Problem description
Could you copy every record exactly, leaving the pictures behind?

Given data
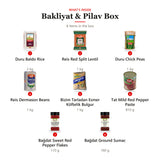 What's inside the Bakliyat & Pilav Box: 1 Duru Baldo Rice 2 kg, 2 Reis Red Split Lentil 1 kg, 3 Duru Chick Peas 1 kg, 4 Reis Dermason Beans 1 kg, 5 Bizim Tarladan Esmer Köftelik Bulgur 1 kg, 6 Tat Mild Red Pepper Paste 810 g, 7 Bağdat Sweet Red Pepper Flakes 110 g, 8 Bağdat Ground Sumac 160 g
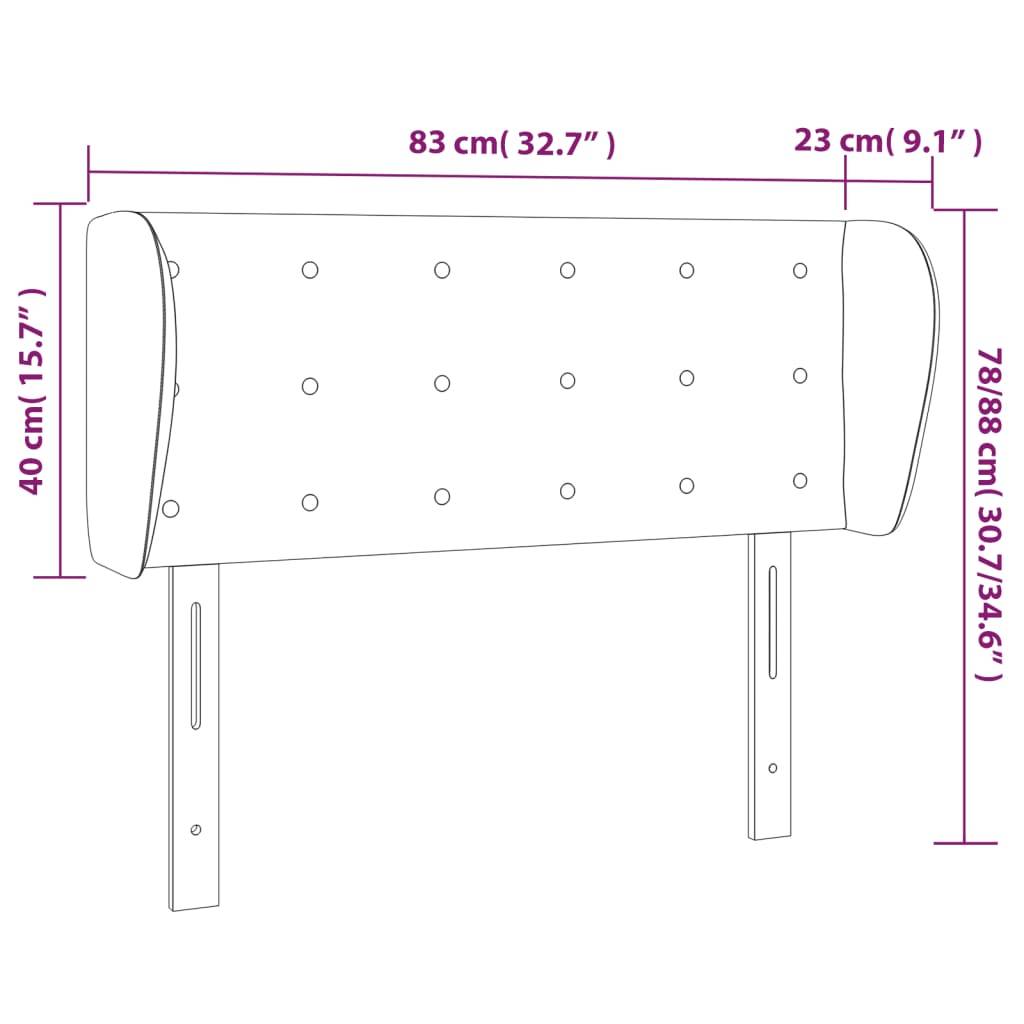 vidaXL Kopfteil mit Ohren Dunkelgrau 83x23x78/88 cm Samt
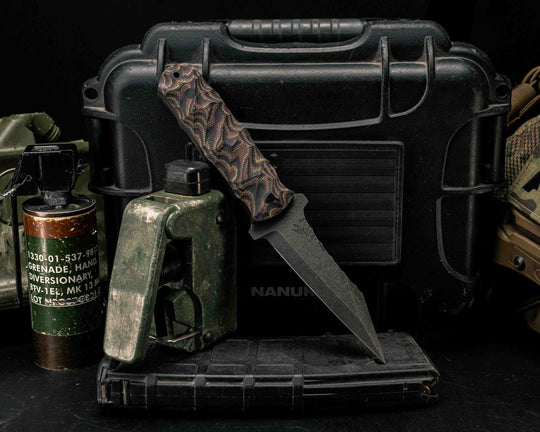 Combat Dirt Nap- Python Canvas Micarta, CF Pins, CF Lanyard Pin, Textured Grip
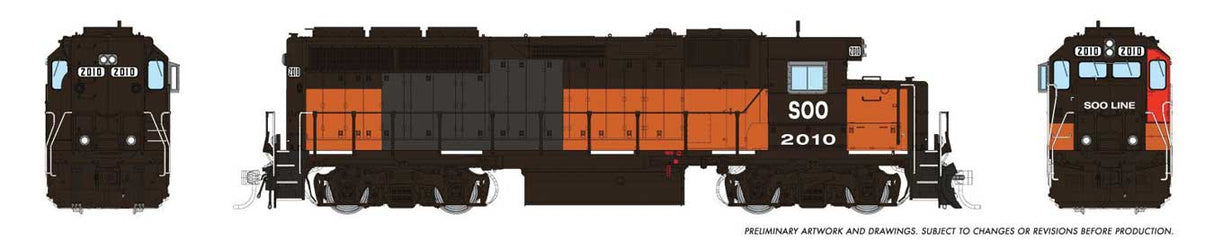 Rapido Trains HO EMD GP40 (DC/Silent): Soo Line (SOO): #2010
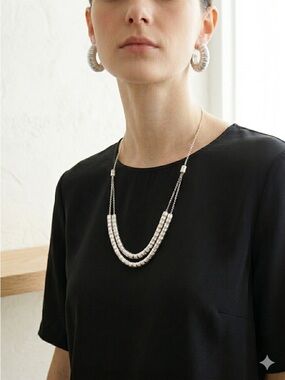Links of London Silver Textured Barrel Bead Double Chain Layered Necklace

Response below
 What's inside the Bakliyat & Pilav Box: 1 Duru Baldo Rice 2 kg, 2 Reis Red Split Lentil 1 kg, 3 Duru Chick Peas 1 kg, 4 Reis Dermason Beans 1 kg, 5 Bizim Tarladan Esmer Köftelik Bulgur 1 kg, 6 Tat Mild Red Pepper Paste 810 g, 7 Bağdat Sweet Red Pepper Flakes 110 g, 8 Bağdat Ground Sumac 160 g
 vidaXL Kopfteil mit Ohren Dunkelgrau 83x23x78/88 cm Samt
 Combat Dirt Nap- Python Canvas Micarta, CF Pins, CF Lanyard Pin, Textured Grip
 Rapido Trains HO EMD GP40 (DC/Silent): Soo Line (SOO): #2010
Links of London Silver Textured Barrel Bead Double Chain Layered Necklace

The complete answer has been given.